Friday, September 2, 2011

"No Flour in the Barrel"

Beatrice Fines

Homesteaders. Pioneers. The mood of complete discouragement. Here is a paragraph that captures the mood of the immigrants as they arrive in the wilderness:

“We closed the old world behind us like a book, and came to the raw, new country called Manitoba when I was twelve, and I had no idea that either my father or my mother suffered homesickness, or regret, or any fear, until that day when there was finally no flour at all in the barrel. I was a big boy, almost grown, but still young enough that I believed my parents moved along a path already fully known to them, and considered them indomitable.”

The father travels to distant farms to make money from harvesting, leaving the mother and children alone.

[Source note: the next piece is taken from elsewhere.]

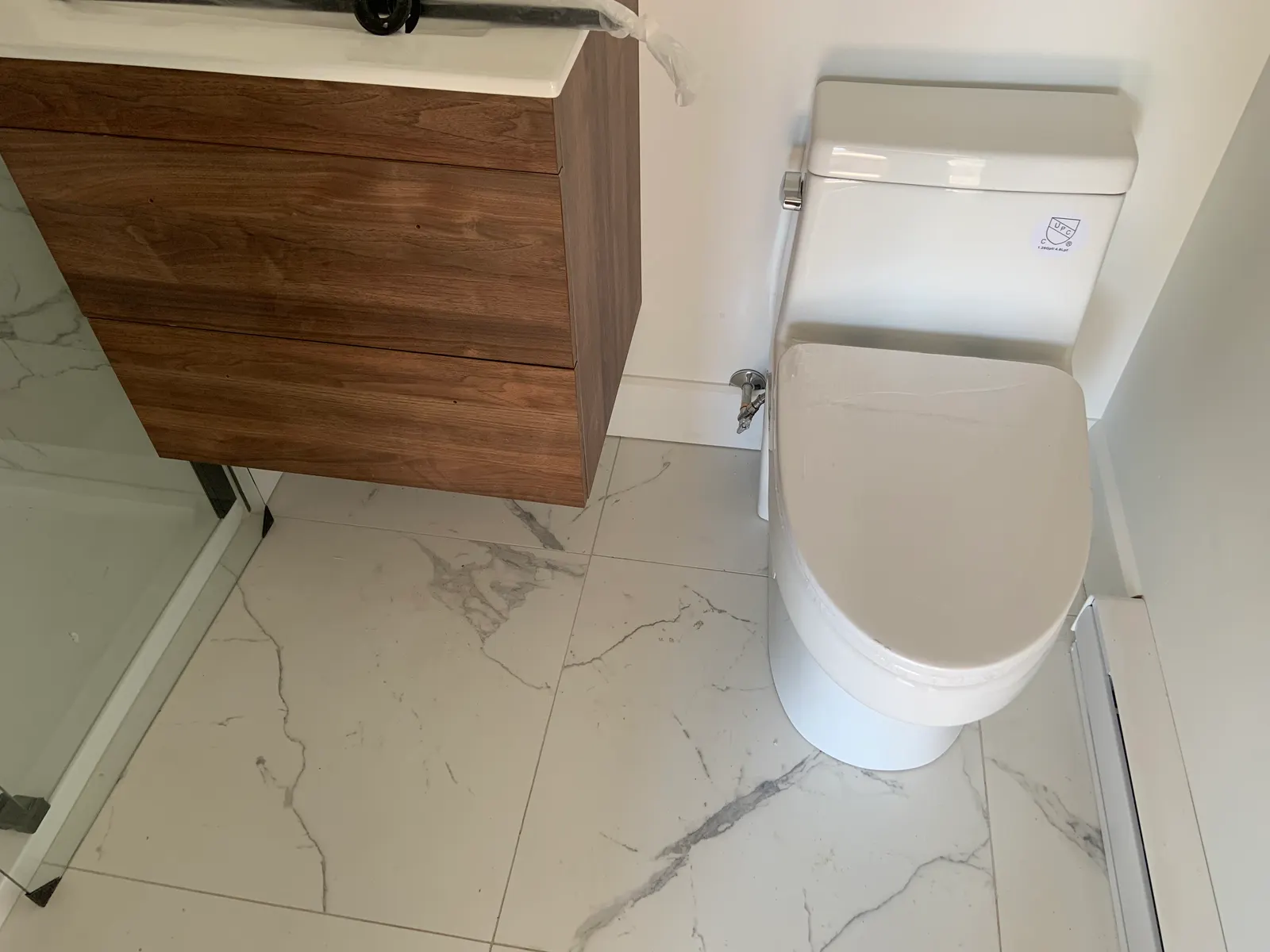 One-piece toilet and floating wood vanity on a marble-effect tile floor.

And then Annie, the baby, wanders away. The search for her is heartbreaking. The following quote captures the mood:  ”It cannot be. We cannot survive it. Every day it rains till nothing remains dry. The roof leaks in a new place every day and there is no straw or hay for thatching. We are so alone, so alone. There is no church, no priest, no school for the children.  There is no meat, and no flour in the barrel. And now what happens? The baby is lost, lost.”

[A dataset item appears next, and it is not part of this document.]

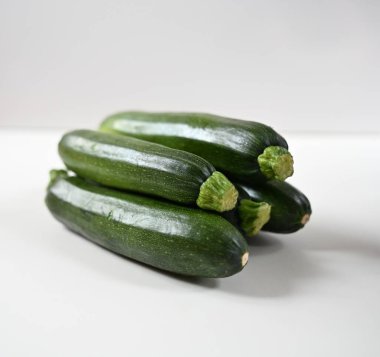 Küçük, koyu yeşil bir kabak yığını, sapları görünür, beyaz bir arka plan üzerine çekilmiş. Görüntü basit, temiz ve sağlıklı malzemeleri sergilemek için mükemmel..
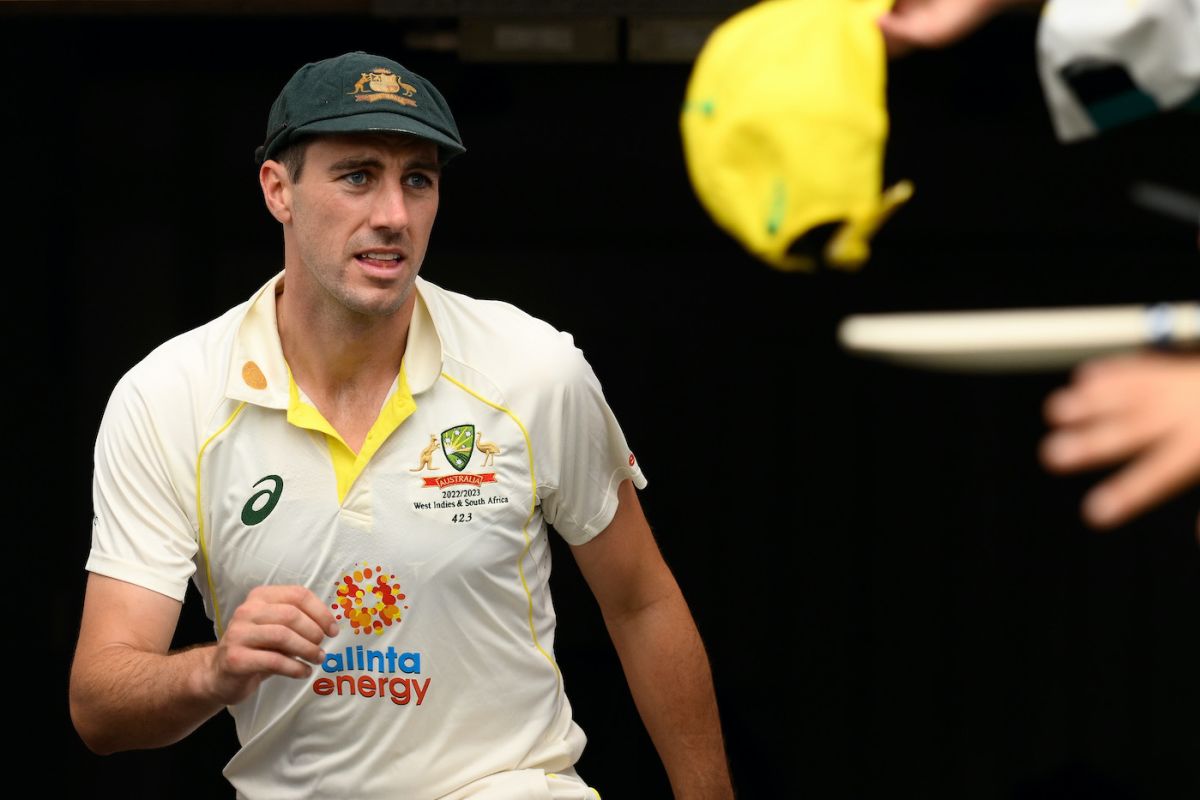 Pat Cummins and Travis Head celebrate after Dean Elgar's dismissal ...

But the baby is found. She has been eating raspberries. They take the raspberries to town, they sell them and success follows: “Everything came about in time: first, flour in the barrel, then Father, home with cash money; before fall a cow and a good thatch for the roof; a lime wash for our mud-chinked walls, and even, as the years passed, a church, a priest and a school. One thing I feel, once we had filled the flour barrel, my mother knew all things would be accomplished.”

Comment: Of course, this story reminds me of Giants in the Earth, the unforgettable novel by Rolvaag that vividly dramatizes the challenges of living on the frontier. RayS.

Note: My summaries can never convey the moods, settings and ideas developed in these short stories. My summaries are pale imitations of the real thing. I don’t know if my readers can find the short story collections in their libraries, but they should at least ask. RayS.

Rating: ***** out of *****.

About the Author: “Cheerful and energetic, Beatrice Fines has been a free lance writer about 20 years with stories and articles in Canadian, American and Scottish magazines and newspapers. She does public relations work for the Health Sciences Centre of Winnipeg and teaches creative writing in continuation classes.”

Short Story International #30. Ed. Sylvia Tankel. February 1982. Pp.17-24.